Friday, April 14, 2006

Kant's Relation to Consequentialism

The concept connected by Kant with the phrase “categorical imperative” seems easy to explain. It means a law valid for the will of every rational being and therefore valid unconditionally. This is in no need of interpretation: it can hardly be misinterpreted. Kant has stated in the clearest and most intelligible terms. Understanding becomes much more difficult if we are concerned, not merely with the verbal definition, but with the content of the categorical command and the interferences to be drawn from it.

Even specialists have fallen into confusion about these questions. But the doctrine of a categorical imperative inherent in the will of man himself appears at present to meet with most unexpected and most unwanted repercussions in the common opinion. To lovers of humanity it may seem a lofty and worthy aim that doctrines elaborated by science and claiming to determine the conduct of every man should gradually spread wider and wider until at last every cottage.

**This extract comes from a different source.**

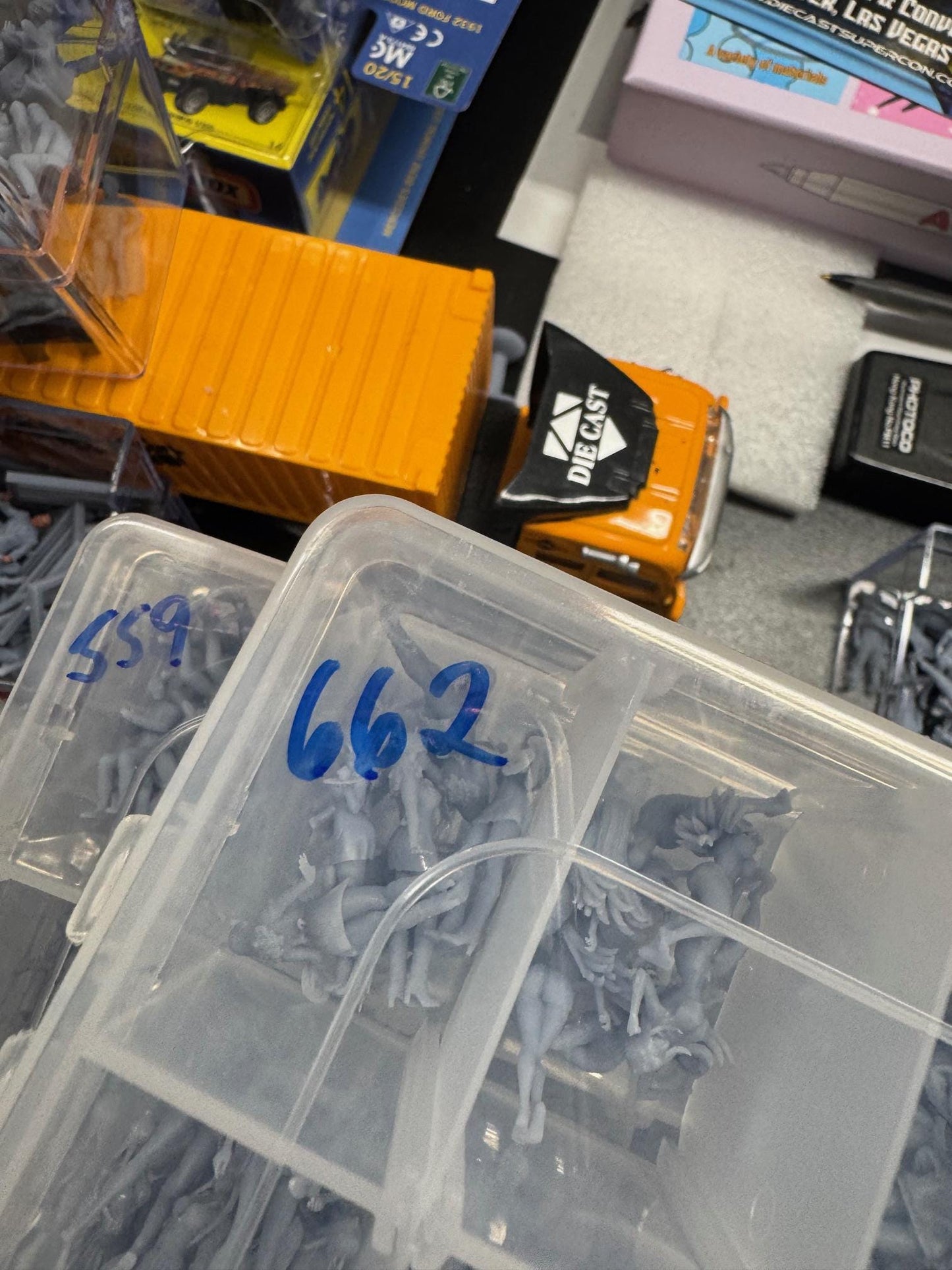 Double G 1:64 Miniature Human Figures - 3D Printed - Unpainted - great for Dioramas - Made in the USA LOT 662 Miniature 1.10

The law formulated by Kant in his categorical imperative is not one by which any principle whatever to which a many may find himself drawn under conditions of experience—such as obedience to superiors or abstention from pleasure of life—can be imposed on him categorically. Kant’s law is rather a way of expressing the conditions under which alone a principle can have the character of a categorical demand. The categorical imperative is thus conceived as the fundamental principle determining which possible principles can be objectively valid for the decisions of our will as such.

When we say it is our duty to do something or to refrain from doing it, we manifestly have in mind such a categorical demand or such an objectively valid principle. Hence we can also say that on Kant’s view the categorical imperative contains nothing but the concept of being under a possible moral obligation as such. If he was wrong in maintaining that such a command is binding upon our will, it is not to be inferred that duty must be determined by some other law; what it would mean is that there are no universally valid demands on human behavior, so far as this depends on our will, and consequently that nothing whatever can be our duty and that we are entirely free to do whatever we may happen to want.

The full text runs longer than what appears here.